In einer überraschenden Wendung der Ereignisse hat Trevor Rees-Jones, der einzige Überlebende des tragischen Autounfalls, bei dem Prinzessin Diana ums Leben kam, nach 20 Jahren angeblich sein Gedächtnis wiedererlangt. Diese Enthüllung hat die Welt in ihren Bann gezogen, da Rees-Jones’ Erinnerungen beispiellose Einblicke in die mysteriösen Umstände des tödlichen Unfalls der Prinzessin in Paris 1997 geben könnten. Jahrelang litt Rees-Jones aufgrund der schweren Verletzungen, die er bei dem Unfall erlitten hatte, unter Gedächtnisverlust. Doch nun, da seine Erinnerungen wieder auftauchen, kann er erzählen, was in jener schicksalshaften Nacht geschah.

Laut Rees-Jones begannen die Ereignisse wie jeder andere Abend in Paris, allerdings mit erhöhten Sicherheitsbedenken aufgrund der ständigen Paparazzi, die Diana und ihren Partner Dodi Fayed unerbittlich verfolgten. Er erinnert sich an die spürbare Spannung, die in der Luft lag, als sie sich darauf vorbereiteten, das Hotel Ritz Paris zu verlassen.
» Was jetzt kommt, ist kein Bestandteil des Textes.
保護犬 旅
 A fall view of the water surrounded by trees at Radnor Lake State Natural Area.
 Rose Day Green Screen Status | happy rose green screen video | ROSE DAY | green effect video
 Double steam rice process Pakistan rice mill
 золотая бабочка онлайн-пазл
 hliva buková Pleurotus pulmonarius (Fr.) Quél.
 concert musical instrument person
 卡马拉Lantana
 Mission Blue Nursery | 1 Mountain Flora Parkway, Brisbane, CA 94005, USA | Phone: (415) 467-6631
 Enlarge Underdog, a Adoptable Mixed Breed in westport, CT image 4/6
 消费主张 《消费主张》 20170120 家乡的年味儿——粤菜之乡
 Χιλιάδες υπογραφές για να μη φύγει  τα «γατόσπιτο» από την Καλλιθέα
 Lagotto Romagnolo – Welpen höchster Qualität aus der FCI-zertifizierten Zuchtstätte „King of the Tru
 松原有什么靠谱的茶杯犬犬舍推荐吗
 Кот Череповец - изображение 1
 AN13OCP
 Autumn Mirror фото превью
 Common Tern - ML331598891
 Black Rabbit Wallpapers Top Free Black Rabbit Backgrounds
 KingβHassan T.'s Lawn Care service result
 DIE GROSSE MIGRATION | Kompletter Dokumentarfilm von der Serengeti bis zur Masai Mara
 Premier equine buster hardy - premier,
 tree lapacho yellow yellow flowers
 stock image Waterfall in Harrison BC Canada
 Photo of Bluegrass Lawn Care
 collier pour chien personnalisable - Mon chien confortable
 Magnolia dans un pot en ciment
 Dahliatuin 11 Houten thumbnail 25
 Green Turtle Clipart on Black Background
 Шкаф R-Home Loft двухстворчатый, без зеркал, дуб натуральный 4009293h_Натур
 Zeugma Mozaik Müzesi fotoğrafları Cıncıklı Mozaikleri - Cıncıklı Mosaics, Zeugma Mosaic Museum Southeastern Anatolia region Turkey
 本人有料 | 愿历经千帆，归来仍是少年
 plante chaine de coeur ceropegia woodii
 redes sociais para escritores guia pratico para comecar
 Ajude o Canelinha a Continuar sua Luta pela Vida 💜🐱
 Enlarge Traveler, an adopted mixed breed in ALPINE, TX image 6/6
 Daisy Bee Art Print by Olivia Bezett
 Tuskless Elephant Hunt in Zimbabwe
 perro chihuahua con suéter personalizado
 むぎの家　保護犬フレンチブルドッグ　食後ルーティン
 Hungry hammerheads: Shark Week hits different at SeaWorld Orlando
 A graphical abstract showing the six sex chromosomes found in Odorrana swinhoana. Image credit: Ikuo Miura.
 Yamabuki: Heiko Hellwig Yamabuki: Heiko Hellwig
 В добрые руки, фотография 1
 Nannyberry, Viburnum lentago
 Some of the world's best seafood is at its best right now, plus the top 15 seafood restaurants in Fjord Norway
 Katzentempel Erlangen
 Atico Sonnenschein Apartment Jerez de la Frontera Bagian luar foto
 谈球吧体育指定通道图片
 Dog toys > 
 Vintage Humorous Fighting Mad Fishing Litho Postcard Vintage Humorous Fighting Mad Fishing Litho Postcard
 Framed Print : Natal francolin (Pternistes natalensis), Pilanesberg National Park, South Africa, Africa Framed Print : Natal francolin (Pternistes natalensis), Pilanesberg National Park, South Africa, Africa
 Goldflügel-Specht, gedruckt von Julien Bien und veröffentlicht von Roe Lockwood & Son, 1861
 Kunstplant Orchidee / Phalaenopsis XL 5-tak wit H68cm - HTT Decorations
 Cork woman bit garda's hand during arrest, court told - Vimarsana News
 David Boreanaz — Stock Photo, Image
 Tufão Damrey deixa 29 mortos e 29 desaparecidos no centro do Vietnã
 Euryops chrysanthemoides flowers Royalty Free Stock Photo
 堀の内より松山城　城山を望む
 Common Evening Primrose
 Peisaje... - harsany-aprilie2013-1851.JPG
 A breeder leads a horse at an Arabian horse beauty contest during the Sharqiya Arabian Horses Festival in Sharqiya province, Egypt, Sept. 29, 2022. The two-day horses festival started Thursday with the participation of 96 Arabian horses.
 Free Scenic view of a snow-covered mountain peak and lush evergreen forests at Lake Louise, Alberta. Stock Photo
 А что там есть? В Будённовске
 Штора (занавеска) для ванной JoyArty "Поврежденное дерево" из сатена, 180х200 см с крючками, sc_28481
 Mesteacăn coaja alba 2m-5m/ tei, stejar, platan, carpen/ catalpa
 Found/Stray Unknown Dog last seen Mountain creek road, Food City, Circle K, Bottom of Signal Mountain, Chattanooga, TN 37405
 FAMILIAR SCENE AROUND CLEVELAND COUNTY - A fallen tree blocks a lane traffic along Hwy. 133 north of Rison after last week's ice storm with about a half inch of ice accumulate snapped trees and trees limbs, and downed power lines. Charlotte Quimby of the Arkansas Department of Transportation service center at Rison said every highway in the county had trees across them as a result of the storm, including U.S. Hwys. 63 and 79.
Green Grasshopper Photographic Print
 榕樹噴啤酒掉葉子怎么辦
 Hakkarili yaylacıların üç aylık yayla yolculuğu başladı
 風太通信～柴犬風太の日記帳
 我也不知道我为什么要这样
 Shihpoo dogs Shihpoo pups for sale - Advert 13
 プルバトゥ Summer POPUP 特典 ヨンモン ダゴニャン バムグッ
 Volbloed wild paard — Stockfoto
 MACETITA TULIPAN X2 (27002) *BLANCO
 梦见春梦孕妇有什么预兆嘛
Die Entscheidung, durch einen Hintereingang zu gehen und ein Zweitfahrzeug zu benutzen, wurde getroffen, um den neugierigen Blicken der Medien zu entgehen. Doch der Plan eskalierte schnell, als die Paparazzi ihre Bewegungen bemerkten.
Rees-Jones erinnert sich noch genau daran, wie er ins Auto stieg und ein ungutes Gefühl verspürte. Der Fahrer, Henri Paul, beschleunigte schnell, um die Paparazzi abzuschütteln, doch Rees-Jones erinnert sich, dass er zur Vorsicht mahnte, da er die Geschwindigkeit unter den gegebenen Umständen für übertrieben hielt. „Ich weiß noch, dass ich das Gefühl hatte, dass etwas nicht stimmte“, erzählte er und bedauerte die Vorahnung, die er verspürte, aber damals nicht richtig in Worte fassen konnte.
Als das Auto in den Pont-de-l’Alma-Tunnel raste, erinnert sich Rees-Jones an das grelle Blitzlicht der Kameras, als Paparazzi auf Motorrädern das Fahrzeug verfolgten, was dazu beitrug, dass der Fahrer die Kontrolle verlor. Seine Erinnerung an den Aufprall ist erschreckend lebendig. Er erinnert sich, wie das Fahrzeug scharf ausscherte, dann blitzte Beton auf, als es kollidierte. Der Aufprall war ohrenbetäubend, gefolgt von unheimlicher Stille, während er immer wieder das Bewusstsein verlor. „Es gab einen Moment, in dem einfach alles still war“, erinnert er sich – eine eindringliche Erinnerung, die ihn durch die Jahre seiner Genesung begleitet hat.
Nach dem Unfall beschreibt Rees-Jones das Chaos, als die Rettungskräfte am Unfallort eintrafen. Obwohl seine Erinnerung an die genauen Momente nach dem Unfall bruchstückhaft ist, erinnert er sich an Diana im Auto – ein Bild, das ihn seitdem verfolgt. Seine Erinnerungen, die sich im Laufe der Zeit zusammengefügt haben, ergeben eine wichtige Erzählung, die die Intensität der Momente vor dem Unfall und den Druck der unerbittlichen Paparazzi auf die Gruppe verdeutlicht.
Rees-Jones’ wiedergewonnene Erinnerungen haben das öffentliche Interesse an Dianas tragischem Tod neu entfacht. Viele fragen sich, ob sein Bericht zu weiteren Ermittlungen oder neuen Erkenntnissen über die wahren Geschehnisse jener Nacht führen könnte. Seine Geschichte ist eine düstere Erinnerung an den Preis, den Diana als eine der meistfotografierten Frauen der Welt zahlen musste. Ihre Erinnerung bleibt als Symbol für Widerstandsfähigkeit und Mitgefühl inmitten unvorstellbaren Drucks bestehen.